Pax Records & Alex Kate: From Emerging Artist to Record Label Executive


Majoris Music's Major on Alex Kate and Pax Records

Alexandra Hutton is an industry native, turned performer, turned businesswoman. ‘Turned’ perhaps being the wrong terminology there, as Alex in many situations gracefully wears all of those hats simultaneously - styling them laudably when she does. In many ways too, and perhaps why there is such a fluid nature between those hats, is that she brings those big experiences we occasionally face; those seminal learning moments, right through to whatever journey she chooses next, creating this seamless continuity in the story of ‘Alexandra Hutton’ that is as much enthralling as it is packed with wisdom, and a sense that being around it leaves you somehow better off.

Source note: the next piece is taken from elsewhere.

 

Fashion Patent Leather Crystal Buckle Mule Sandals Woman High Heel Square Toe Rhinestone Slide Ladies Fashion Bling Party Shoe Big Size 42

And at the same time, the sense you get with Alex as a person is that through her and whatever her undertakings may be, there’s a want to do the right thing and often do the right thing particularly by others too. In today’s context, where Alex continues to build an artist career whilst also head up Pax Records, there’s this anti-current which comes to life. An anti-current that catalyses a recognition that in her story and the birth of the company lies a motif of going against the grain and seeking out what is right, even if (and, sometimes, most especially when) not doing so would've been the easier option.

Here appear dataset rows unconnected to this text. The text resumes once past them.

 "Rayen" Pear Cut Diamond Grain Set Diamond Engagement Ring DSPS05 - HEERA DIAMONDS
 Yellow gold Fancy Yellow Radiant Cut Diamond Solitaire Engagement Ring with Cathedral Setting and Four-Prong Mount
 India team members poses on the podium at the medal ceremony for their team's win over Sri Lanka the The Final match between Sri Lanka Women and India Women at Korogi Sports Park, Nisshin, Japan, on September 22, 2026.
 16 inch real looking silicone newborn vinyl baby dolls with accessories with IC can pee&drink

It’s this story of a fierce but considered independence that turned - and continues to turn - into a forcefield that ushers into the industries she aligns herself to something inexplicably positive. The Alex Hutton ‘good for good’s sake’ characteristic is shaping itself out to be one of the central ones that define the path of Alex as an artist, and Pax as a label.


Alexandra Hutton’s career in music started in her days at University, trying her first hand at management, foreshadowing what was later to become formality under Pax Records. She started her own company, Busk Management, and describes how what guided her was a mere sense of “winging it”, led by her musical intuition and passion for the craft. In those early parts of her career she would spend summers in L.A., and recalls being guided by who she considered to be her first mentor in music: the late Jerome Spencer. Jerome, of Peer Music, “was the first one to describe me as a Hustler”, and in so doing inspired much of her approach throughout her later years. She recalls fondly, and wistfully, how “the last conversation we had together, he said ‘you know, we are going to work together’... his influence was seminal on me and though I wish we got to fulfil his last words, his legacy lives on in me and through what I do”

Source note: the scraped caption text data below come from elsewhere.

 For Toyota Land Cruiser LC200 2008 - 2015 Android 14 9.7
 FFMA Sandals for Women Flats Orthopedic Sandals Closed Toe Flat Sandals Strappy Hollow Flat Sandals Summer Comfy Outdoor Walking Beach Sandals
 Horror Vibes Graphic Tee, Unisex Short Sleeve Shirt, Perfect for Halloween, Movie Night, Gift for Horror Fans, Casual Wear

In the middle of the 2010’s she took this to London in a move familiar to many as the one to take musical pursuits to their next levels. She says it was here that the opportunities to work with industry veterans and experts, generally experience “incredible opportunities'', and gather more mentor-like figures in her journey, really came to life. With the good comes the less-good, however, and it was during this time that Alex first started to encounter the sordid and - pre-Me Too movement - often shadowed parts of the industry. Things like purposefully using the androgynous sounding ‘Alex’ in emails and rebutting the presumptuously forward practices of those in positions of power became commonplace.


After this, maybe not unsurprisingly, Alex tells us that she “stepped away from music”, dabbling in the world of tech.


Then 2020 comes, and then the world changes.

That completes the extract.